En vídeo, la declaración de la arquitecta de Unifica, María Rey Salinero, en el juicio de los papeles de Bárcenas este martes.
María Rey Salinero trabajaba en la empresa Unifica, propiedad de Gonzalo Urquijo, durante los años que duró la reforma de la sede del PP. Por eso ha venido el arquitecto este lunes al juicio. Al contrario que Bárcenas, él sí quiere estar presente durante la declaración de algunos de sus antiguos adláteres. El fiscal Antonio Romeral siempre empia los interrogatorios de la misma manera, en voz baja, suavemente, dándole confianza al testigo, diciéndole “no se preocupe” cuando ve que se atasca o no recuerda algo, aumentando la presión muy poco a poco, utilizando el tiempo y su conocimiento milimétrico del sumario para ir llegando al meollo de lo que interesa. “Se trata”, explica durante el interrogatorio, “de buscar la explicación”. Poco a poco, el tiempo y sus preguntas van calando como una lluvia fina. Luego llegará la abogada del Estado María Fernández y el sirimiri se convertirá en galerna del Cantábrico. Dispara con la velocidad y la precisión de un opositor a registros o a notarías, va completando la labor del fiscal. Es un espectáculo digno de ver, siempre que no se esté en el lugar de los testigos o, aún peor, de los acusados. María Rey lo hace bien. Responde con soltura y amabilidad, sin desvelar aparentemente ningún trapo sucio de la empresa de Urquijo ni ninguna maniobra extraña del PP, pero unas filas más atrás, al arquitecto Urquijo no le llega la camisa al cuerpo. Hace gestos continuamente, con la cabeza y con todo el cuerpo, afirma, niega, desaprueba las preguntas de las acusaciones.

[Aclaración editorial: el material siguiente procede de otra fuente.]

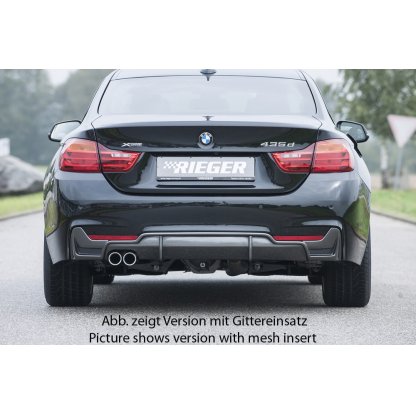 Rieger vložka zadního nárazníku pro BMW řada 4 F32, F33, F36 coupe (3-dvéř.), gran coupe (5-dvéř.), kabriolet vč. faceliftu, plast ABS s povrchovou úpravou Carbon-Look, pro orig. dvojitou koncovku vlevo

Desde los bancos del final, se ven superpuestas las cabezas de Urquijo y del testigo de turno. Álex Santos, un joven periodista que no había asistido nunca a un juicio, se fija en la actitud del arquitecto y dice en voz baja: “Parece un ventrílocuo”. Es verdad, parece un número ensayado donde el ventrílocuo pone la voz y el testigo es solo un muñeco que ejecuta un guion. Al joven periodista le llama también la atención que, aunque los testigos hayan dicho ante el tribunal y bajo juramento que hace años que no se ven con su antiguo jefe, unos minutos más tarde, nada más acabada la sesión y aun dentro de la sala, se comporten como si fueran íntimos amigos. Están en su derecho, como Rajoy de no venir al juicio. Tal vez se trate solo de una cuestión de decoro. O de su ausencia.